Pressing devices are used for various purposes, such as, for example, pressing cable shoes onto electrical cables, but also for cutting cables or punching holes into sheet metal constructions. In order to perform these different applications on one machine, an exchangeable head system is required. To simplify matters, the different mountable heads are referred to in the following as exchangeable heads. Using the same pressing device with different exchangeable heads, it is quick and easy to change over to different applications where necessary.
However, a particular problem affecting pressing devices with exchangeable heads is the longitudinal forces being transmitted, in other words, the compressive forces produced by the pressing devices, because the coupling mechanism by which the exchangeable head is attached to the pressing device naturally has to withstand these forces and the corresponding safety requirements are relatively high.
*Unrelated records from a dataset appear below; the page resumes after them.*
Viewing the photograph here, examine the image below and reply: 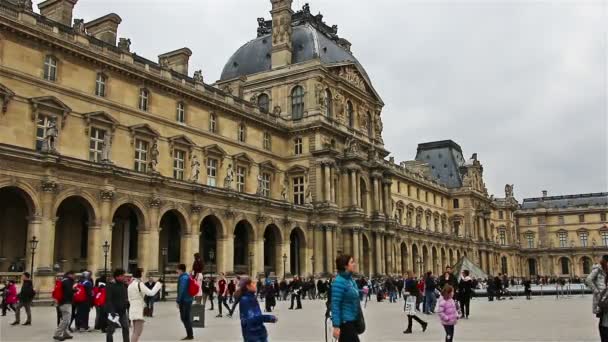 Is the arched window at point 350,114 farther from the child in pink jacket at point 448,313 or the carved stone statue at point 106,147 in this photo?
the child in pink jacket at point 448,313

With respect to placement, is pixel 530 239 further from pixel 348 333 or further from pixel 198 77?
pixel 348 333

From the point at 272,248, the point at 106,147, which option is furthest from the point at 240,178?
the point at 106,147

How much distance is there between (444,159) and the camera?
104 meters

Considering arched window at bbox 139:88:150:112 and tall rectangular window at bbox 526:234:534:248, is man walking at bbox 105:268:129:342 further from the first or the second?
tall rectangular window at bbox 526:234:534:248

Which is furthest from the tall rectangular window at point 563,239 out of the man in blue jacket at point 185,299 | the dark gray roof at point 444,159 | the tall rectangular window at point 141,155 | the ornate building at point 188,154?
the man in blue jacket at point 185,299

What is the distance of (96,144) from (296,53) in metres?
27.1

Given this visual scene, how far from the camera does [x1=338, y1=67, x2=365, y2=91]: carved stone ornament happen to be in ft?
195

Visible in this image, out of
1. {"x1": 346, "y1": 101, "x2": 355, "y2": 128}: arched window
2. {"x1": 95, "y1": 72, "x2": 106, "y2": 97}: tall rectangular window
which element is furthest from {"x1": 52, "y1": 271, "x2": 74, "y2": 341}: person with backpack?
{"x1": 346, "y1": 101, "x2": 355, "y2": 128}: arched window

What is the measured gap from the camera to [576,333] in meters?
16.4

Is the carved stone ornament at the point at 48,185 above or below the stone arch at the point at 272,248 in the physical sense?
above

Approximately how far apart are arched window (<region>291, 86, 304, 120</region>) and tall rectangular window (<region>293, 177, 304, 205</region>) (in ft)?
19.6

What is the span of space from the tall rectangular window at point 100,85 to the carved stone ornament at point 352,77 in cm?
2667

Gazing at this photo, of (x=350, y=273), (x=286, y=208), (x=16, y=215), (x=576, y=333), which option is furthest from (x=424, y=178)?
(x=350, y=273)

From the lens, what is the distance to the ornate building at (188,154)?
32.3 metres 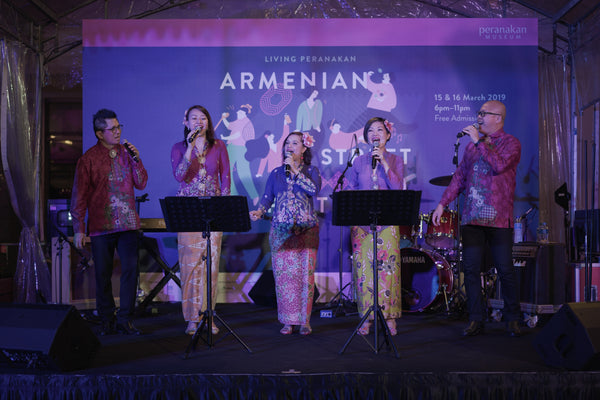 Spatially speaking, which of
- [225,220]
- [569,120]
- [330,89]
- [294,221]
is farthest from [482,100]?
[225,220]

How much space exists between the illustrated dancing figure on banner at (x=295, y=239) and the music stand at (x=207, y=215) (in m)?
0.73

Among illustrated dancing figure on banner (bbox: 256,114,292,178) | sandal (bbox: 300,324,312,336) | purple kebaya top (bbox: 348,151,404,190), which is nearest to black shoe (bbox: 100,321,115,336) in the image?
sandal (bbox: 300,324,312,336)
It is advantageous, therefore, to find a coupling mechanism that can be handled quickly and easily and yet offers operational safety, even with high and very high longitudinal forces.
Quick-connect coupling mechanisms are known per se. A quick-connect coupling mechanism used particularly frequently for torque transmission, especially in the field of hand machine tools, employs a solution with movable locking bodies, usually balls, which engage with corresponding grooves in the exchangeable tool in the connected state. An example of this is known from DE-2 551 125, whereby percussion drills are held in a tool holder on a machine tool in an easily exchangeable manner. Although longitudinal forces are naturally also active here, these are compressive forces (seen in relation to the machine tool/tool connection), so that there is no risk of the quick-connect coupling being released under load by the longitudinal forces and thereby representing a safety risk.
However, solutions are also known in which the same functional principle is also used with quick-connect couplings, where longitudinal forces are active, which represent traction forces in relation to the parts being connected. An example of this sort of connection is disclosed in DE-1 108 528. This specification shows a valve coupling for hose lines and pipelines. In this case, a coupling sleeve exhibits radial wall bores in which radially movable balls are disposed, which may project into a peripheral groove of a coupling plug. A spring-mounted locking sleeve prevents the balls from slipping out of the peripheral groove. Because this is an application in which pressurised fluids are conducted through connectable lines, although there is a certain safety risk, because evidently no applications involving very high fluid pressures are envisaged, additional measures do not seem necessary.
The situation is different, however, when the same functional principle is to be used in a quick-connect coupling to connect an exchangeable head to a powerful pressing device. Because relatively high pressures are used in this case (for example>50 kN), special additional measures are needed in order to guarantee safety and reliability.